Supreme Court vs. Trump Tariffs: What the 6-3 Ruling Actually Changes
TL;DR
The U.S. Supreme Court just told the president he can't use a 1977 emergency law to slap tariffs on the entire world. In a 6-3 ruling on February 20, 2026, the court declared that the International Emergency Economic Powers Act (IEEPA) doesn't give the president tariff authority. Over $175 billion in collected duties could be refunded. But Trump isn't backing down. He signed a new 10% global tariff under a different law within hours.
What Happened, Exactly?
The case, Learning Resources, Inc. v. Trump, started with a toy company. Learning Resources, a U.S.-based educational toy manufacturer, challenged tariffs that were making its imported products more expensive. Several other companies and U.S. states joined similar lawsuits.
The core question: can the president use a law designed for economic sanctions to impose import taxes on virtually every country?
Six justices said no. Three said yes.
Chief Justice John Roberts wrote the majority opinion. He didn't mince words: "IEEPA does not authorize the President to impose tariffs."
The ruling vacates a massive chunk of Trump's tariff architecture, the "Liberation Day" tariffs from April 2025, the fentanyl-related tariffs on Canada, Mexico, and China, and various other duties imposed under IEEPA.
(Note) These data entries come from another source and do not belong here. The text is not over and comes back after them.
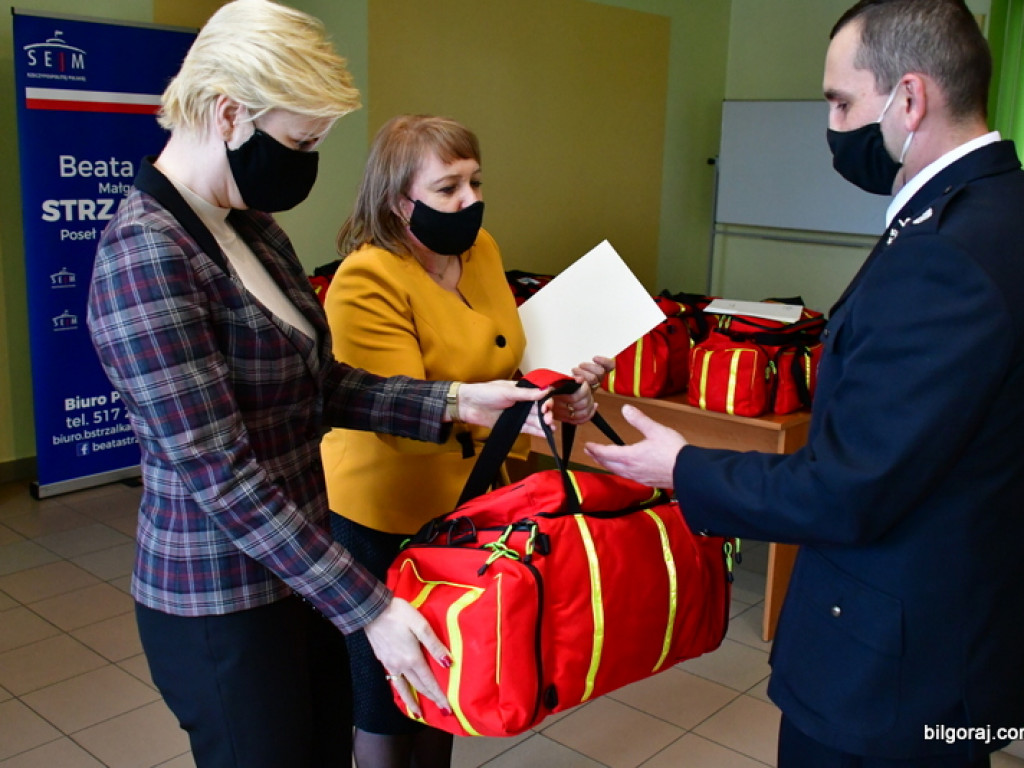 Zestawy ratownicze - specjalne torby z gotowym wyposażeniem trafiły do jednostek OSP (FOTO)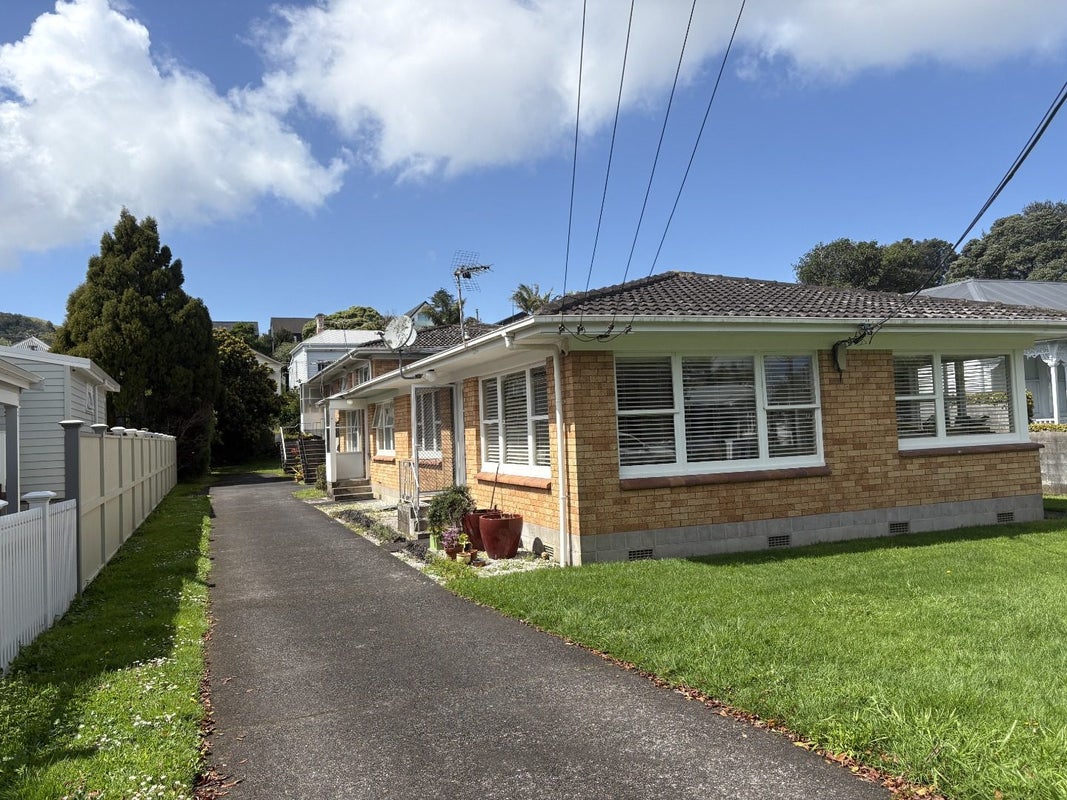 2/10 Kenyon Avenue, Mount Eden, Auckland - Carousel 14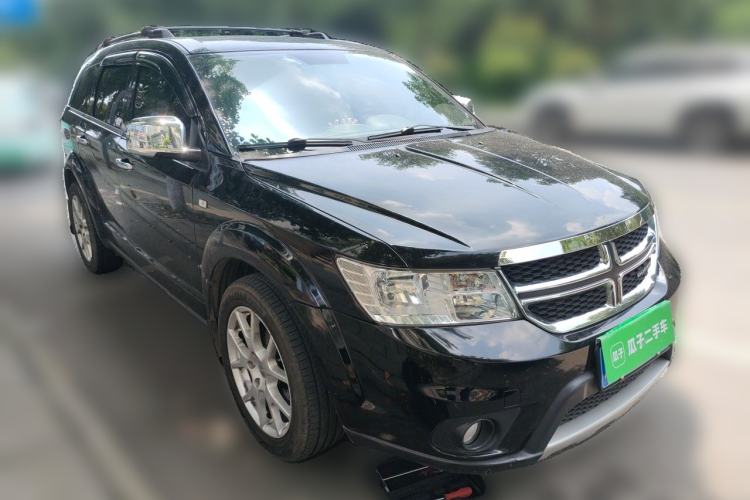 Used Dodge Journey 2013 2.4L Two-Wheel Drive Luxury Version Front Right 45 Deg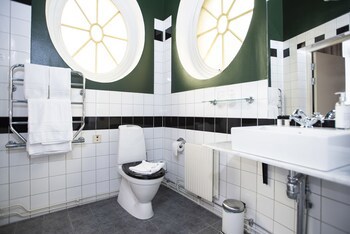 The Vault Hotel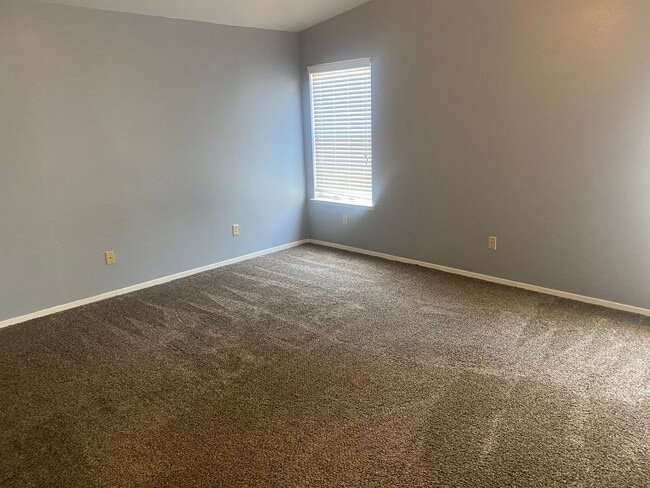 Building Photo - Home for Rent SE Area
What survives? Tariffs imposed under other legal authorities, specifically Section 232 (steel, aluminum, autos) and Section 301 (China-specific trade measures). Those weren't challenged in this case.
The Legal Reasoning: Two Paths, One Destination
Here's where it gets interesting. The six justices in the majority agreed on the outcome but split on why.
The Roberts-Gorsuch-Barrett path: These three invoked the "major questions doctrine," a legal principle that says Congress must clearly authorize the executive branch when it claims power over issues of vast economic significance. Roberts wrote that the Framers gave "Congress alone" the power to impose tariffs during peacetime. Using vague language in a 1977 emergency law doesn't count as clear authorization.
Roberts put it plainly: "Based on two words separated by 16 others" in IEEPA, the president claimed "the power to impose tariffs from any country, of any product, at any rate, for any amount of time." Those words, he said, "cannot bear such weight."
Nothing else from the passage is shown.